Nvidia wants to apply its AI expertise to more than just chips.

The company is seeking to patent a system that can infer emotion from “speech in audio data” using deep learning. Nvidia’s tech would use AI to figure out the probability that a person’s speech lines up with a set of “emotion classes.”

Nvidia said that other attempts to create AI that can read emotion often do not generalize well to speakers not used in training. Other systems also “determine a single emotion for an entire segment of audio, which does not capture any variations in emotional state of a speaker during that segment.”

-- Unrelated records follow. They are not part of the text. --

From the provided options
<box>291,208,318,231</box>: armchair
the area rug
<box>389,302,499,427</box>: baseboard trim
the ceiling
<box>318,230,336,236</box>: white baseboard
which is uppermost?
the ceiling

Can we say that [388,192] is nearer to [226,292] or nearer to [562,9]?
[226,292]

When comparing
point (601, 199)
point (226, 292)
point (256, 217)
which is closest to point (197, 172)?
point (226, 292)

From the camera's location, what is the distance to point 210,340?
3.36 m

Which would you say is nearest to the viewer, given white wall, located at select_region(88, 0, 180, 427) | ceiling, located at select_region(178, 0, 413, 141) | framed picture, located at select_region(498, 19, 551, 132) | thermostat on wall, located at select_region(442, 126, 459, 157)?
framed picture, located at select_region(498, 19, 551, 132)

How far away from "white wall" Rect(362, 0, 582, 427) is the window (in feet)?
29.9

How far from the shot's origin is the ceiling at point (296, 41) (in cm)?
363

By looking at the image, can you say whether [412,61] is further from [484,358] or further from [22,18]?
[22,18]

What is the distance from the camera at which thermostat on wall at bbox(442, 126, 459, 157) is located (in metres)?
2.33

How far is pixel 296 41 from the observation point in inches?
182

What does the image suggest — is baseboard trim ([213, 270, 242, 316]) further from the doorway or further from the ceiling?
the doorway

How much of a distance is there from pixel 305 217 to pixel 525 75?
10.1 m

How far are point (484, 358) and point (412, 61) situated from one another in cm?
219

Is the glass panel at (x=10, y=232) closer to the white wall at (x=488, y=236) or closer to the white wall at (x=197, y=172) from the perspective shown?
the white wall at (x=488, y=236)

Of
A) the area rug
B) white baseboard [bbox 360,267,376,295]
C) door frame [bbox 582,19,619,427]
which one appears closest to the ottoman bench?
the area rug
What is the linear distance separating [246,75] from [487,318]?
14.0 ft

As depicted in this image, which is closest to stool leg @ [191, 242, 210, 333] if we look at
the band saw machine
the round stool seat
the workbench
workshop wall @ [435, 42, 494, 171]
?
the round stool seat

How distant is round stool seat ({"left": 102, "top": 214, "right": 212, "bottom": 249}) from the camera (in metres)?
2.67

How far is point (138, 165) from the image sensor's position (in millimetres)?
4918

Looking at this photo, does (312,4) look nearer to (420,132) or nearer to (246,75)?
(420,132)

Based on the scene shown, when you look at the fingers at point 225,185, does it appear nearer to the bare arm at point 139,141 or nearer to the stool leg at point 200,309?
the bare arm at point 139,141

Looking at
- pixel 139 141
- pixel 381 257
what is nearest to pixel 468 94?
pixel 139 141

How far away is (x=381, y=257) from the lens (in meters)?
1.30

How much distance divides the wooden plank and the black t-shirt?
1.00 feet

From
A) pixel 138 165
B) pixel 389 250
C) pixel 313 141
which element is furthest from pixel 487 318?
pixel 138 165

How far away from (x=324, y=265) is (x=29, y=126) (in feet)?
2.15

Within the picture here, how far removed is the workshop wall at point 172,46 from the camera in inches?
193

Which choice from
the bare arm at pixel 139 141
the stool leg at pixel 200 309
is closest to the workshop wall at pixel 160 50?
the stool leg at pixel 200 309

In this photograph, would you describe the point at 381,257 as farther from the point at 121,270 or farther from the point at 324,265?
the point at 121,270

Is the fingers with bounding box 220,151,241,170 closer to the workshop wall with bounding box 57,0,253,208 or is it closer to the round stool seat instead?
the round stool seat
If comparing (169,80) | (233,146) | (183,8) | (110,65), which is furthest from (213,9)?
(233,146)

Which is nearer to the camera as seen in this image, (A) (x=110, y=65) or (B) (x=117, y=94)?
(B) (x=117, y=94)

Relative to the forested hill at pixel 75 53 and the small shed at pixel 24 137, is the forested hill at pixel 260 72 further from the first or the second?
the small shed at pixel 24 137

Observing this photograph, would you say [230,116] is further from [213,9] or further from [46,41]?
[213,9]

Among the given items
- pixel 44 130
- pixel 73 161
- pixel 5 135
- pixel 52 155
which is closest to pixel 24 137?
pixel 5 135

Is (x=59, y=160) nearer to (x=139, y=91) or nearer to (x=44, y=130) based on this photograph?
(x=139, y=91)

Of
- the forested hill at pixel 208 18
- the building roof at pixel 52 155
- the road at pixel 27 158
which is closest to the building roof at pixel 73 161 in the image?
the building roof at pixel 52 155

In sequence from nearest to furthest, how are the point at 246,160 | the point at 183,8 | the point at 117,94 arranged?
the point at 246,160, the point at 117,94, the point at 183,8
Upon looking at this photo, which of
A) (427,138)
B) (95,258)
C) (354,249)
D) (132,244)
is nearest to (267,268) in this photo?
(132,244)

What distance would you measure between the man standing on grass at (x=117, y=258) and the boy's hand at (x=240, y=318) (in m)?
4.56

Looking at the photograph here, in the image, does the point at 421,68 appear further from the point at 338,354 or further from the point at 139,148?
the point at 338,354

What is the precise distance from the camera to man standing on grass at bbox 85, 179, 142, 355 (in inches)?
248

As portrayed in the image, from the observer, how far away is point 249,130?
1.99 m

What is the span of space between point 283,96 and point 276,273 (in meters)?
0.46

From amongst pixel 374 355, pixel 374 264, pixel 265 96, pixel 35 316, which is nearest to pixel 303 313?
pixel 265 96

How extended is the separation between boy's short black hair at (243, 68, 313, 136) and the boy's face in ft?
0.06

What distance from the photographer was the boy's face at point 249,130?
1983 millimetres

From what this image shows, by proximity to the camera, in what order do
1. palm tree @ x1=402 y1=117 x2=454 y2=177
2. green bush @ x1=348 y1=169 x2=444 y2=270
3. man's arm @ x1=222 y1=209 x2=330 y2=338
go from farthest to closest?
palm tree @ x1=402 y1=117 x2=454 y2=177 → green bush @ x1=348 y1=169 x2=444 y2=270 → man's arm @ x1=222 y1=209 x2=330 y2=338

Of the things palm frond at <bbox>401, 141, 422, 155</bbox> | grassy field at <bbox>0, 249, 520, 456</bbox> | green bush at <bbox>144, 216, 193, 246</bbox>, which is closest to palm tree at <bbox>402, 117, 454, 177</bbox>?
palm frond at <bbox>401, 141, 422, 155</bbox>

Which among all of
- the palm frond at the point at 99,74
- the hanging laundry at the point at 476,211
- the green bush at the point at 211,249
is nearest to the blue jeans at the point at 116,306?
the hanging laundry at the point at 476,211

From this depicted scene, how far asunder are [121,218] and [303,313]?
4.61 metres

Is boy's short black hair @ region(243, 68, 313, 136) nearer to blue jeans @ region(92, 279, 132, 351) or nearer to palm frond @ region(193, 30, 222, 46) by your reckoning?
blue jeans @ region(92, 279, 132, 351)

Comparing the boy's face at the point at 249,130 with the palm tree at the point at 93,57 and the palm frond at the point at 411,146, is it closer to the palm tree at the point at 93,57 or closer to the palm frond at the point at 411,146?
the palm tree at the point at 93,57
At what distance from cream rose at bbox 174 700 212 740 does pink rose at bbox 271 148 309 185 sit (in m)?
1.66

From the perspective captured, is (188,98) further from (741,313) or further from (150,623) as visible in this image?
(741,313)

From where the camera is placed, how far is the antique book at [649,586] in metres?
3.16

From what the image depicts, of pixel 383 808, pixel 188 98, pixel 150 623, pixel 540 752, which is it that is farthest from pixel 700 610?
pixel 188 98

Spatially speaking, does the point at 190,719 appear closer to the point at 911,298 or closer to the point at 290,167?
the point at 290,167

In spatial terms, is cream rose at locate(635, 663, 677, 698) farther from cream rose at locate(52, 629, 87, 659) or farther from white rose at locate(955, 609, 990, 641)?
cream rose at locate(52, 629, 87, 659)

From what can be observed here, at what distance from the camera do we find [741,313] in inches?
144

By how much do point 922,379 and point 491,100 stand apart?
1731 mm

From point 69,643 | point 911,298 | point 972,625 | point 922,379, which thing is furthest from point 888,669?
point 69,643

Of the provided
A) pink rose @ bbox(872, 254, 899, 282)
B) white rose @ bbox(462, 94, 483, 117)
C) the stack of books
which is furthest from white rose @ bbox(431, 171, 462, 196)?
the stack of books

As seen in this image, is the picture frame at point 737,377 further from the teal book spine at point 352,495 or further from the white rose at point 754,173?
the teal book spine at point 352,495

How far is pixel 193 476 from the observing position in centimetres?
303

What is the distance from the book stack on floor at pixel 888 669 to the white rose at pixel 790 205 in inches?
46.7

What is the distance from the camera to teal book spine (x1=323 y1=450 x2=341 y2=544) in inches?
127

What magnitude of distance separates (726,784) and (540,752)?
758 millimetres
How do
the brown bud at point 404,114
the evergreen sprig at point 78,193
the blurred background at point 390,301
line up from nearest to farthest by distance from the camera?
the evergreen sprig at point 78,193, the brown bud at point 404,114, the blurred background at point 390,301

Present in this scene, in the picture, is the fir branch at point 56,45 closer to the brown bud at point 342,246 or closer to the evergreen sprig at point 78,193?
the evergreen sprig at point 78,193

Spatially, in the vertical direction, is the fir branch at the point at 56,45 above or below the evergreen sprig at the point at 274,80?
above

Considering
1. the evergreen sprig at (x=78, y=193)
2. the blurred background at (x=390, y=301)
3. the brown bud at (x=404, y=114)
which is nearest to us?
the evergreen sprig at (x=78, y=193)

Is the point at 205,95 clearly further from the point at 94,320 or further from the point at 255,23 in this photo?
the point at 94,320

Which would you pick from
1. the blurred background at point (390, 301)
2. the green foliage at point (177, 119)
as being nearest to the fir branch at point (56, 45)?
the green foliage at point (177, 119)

This tech takes an audio clip that’s gone through some “pre-processing” to remove background noise and passes it through an “emotional determination module,” which uses either a neural network or deep learning model to classify the different emotional states of the speaker. The system may pick up on a number of emotions, such as fear, joy, anger or disgust, and place each of them on a sliding scale that can shift throughout the speech.

While AI can make the initial emotional predictions, the user may also give the system prior emotional values that can be “blended” with these emotional determination values to make the predictions more precise.

While Nvidia pointed out a number of use cases for this tech – such as managing customers at a call center or adding context in conversational AI – the company also noted that this would be useful for generating animations that match up with the speaker’s emotional state. And, in addition to this patent, the company separately filed an application for “audio-driven facial animation” with machine learning-based emotional support.

This essentially picks up where the other patent leaves off, using speech input to generate “audio-driven facial animation that is emotion-accurate.”

Nvidia isn’t the first company to take a stab at emotion-detecting AI patents. Amazon has attempted to do this with its Alexa devices, Microsoft with its email and chat platforms, and even Disney with its CCTV cameras in parks.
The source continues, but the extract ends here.